Been back to the doctor today as planned. He's increased my citalopram to 40mg.

It's difficult to describe the way I'm feeling currently. I have points in the day were I feel quite positive but then for no particular reason I start to feel anxious and low. Its odd, I was making tea earlier and I suddenly had this rush of anxiety like I thought something bad was going to happen. I then had to remind myself that there was nothing for me to worry about.

I now have 2 weeks annual leave so I feel like I should be in a really good mood but I'm not. Maybe I'll feel a bit better in a few days when I've had chase to unwind.

Anyway. The doctor wants me to have a blood test to check for vitamin levels and see him again in a month.
 
Just an update.

Been back to the doctor today as planned. He's increased my citalopram to 40mg.

It's difficult to describe the way I'm feeling currently. I have points in the day were I feel quite positive but then for no particular reason I start to feel anxious and low. Its odd, I was making tea earlier and I suddenly had this rush of anxiety like I thought something bad was going to happen. I then had to remind myself that there was nothing for me to worry about.

I now have 2 weeks annual leave so I feel like I should be in a really good mood but I'm not. Maybe I'll feel a bit better in a few days when I've had chase to unwind.

Anyway. The doctor wants me to have a blood test to check for vitamin levels and see him again in a month.

Have you started the new dose Citalopram

If so, the anxiety " rushes " could be your body adjusting to the increased dosage.

Use your two weeks to do things that you really enjoy doing, catch up with mates, go to the gym and just generally try not think of anything too hard ;)
 
Just an update.

Been back to the doctor today as planned. He's increased my citalopram to 40mg.

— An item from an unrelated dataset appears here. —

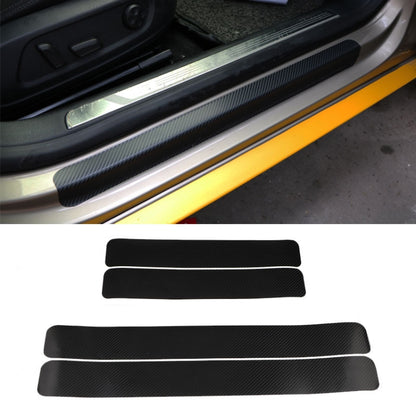 Black carbon fiber door sill scratch guard strips, protective film set of four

It's difficult to describe the way I'm feeling currently. I have points in the day were I feel quite positive but then for no particular reason I start to feel anxious and low. Its odd, I was making tea earlier and I suddenly had this rush of anxiety like I thought something bad was going to happen. I then had to remind myself that there was nothing for me to worry about.

I now have 2 weeks annual leave so I feel like I should be in a really good mood but I'm not. Maybe I'll feel a bit better in a few days when I've had chase to unwind.

Anyway. The doctor wants me to have a blood test to check for vitamin levels and see him again in a month.
You can feel a bit ropey when it's increased but this settles once bedded in.